FIG. 18 is a longitudinal sectional view showing a spray state of an internal combustion engine in a third embodiment.

[Explanation of symbols]

 DESCRIPTION OF SYMBOLS 1 ... Needle valve 2 ... Valve element 3 ... Sack part 4 ... Injection hole 5 ... Coil spring 6 ... Valve hole 7 ... Tip part 8 ... Valve seat 9 ... Inner end 10 ... Outer end 21 ... Piston 22, 22a, 22b ... Cavity 23 ... fuel injection valve 24 ... cylinder 30 ... spark plug 31 ... combustion chamber

Claims (5)

[Claims] In a spark ignition type internal combustion engine in which fuel injected from a fuel injection valve into a combustion chamber is ignited by an ignition plug, an ignition plug is disposed at a center portion of an inner wall surface of a cylinder head, and an inner wall surface of the cylinder head is provided.

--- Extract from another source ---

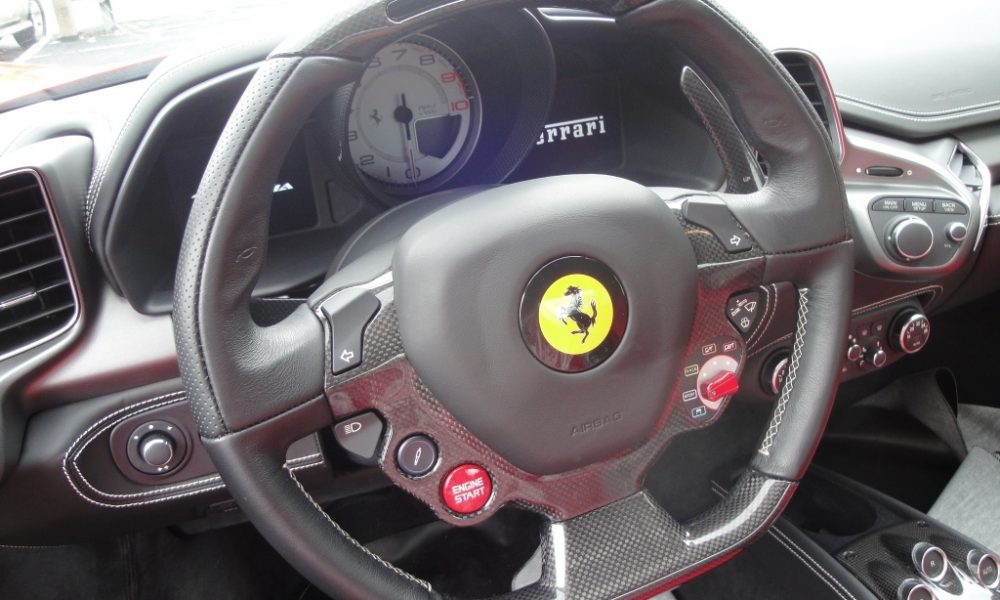 Murder Mystery, scontro tra stuntman sulla Regina: Ferrari distrutta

A fuel injection valve is arranged on the periphery of the piston, and a cavity is formed on the top surface of the piston from below the fuel injection valve to below the ignition plug, and the cavity is formed at the end of the cavity on the ignition plug side from the bottom surface of the cavity. A wall extending upward and extending transversely to a plane including the fuel injection valve and the cylinder center axis, and the wall surface of the cavity extends along the top surface of the piston around a point in the cavity below the fuel injection valve. The radius of curvature of the cavity wall surface extending in an arc shape is located below the spark plug from the injection hole of the fuel injection valve. The distance to the cavity wall surface is equal to or smaller than the cavity wall surface, and the cavity wall surface is inclined so that its upper part protrudes into the cavity, and when viewed from the fuel injection valve along the injection axis. A spark ignition type internal combustion engine in which a fan-shaped fuel spray is injected when it is flat and viewed along the cylinder center axis, and the fuel spray is injected into the cavity during low engine load operation. 2. The spark ignition type internal combustion engine according to claim 1, wherein a vertical cross-sectional shape of the cavity wall has an arc shape. 3. The spark ignition type internal combustion engine according to claim 1, wherein the bottom surface of the cavity is formed flat. 4. The spark ignition type internal combustion engine according to claim 1, wherein the fuel injection timing is advanced as the engine load increases. 5. The spark ignition type internal combustion engine according to claim 1, wherein the injection hole of the fuel injection valve has a slit shape.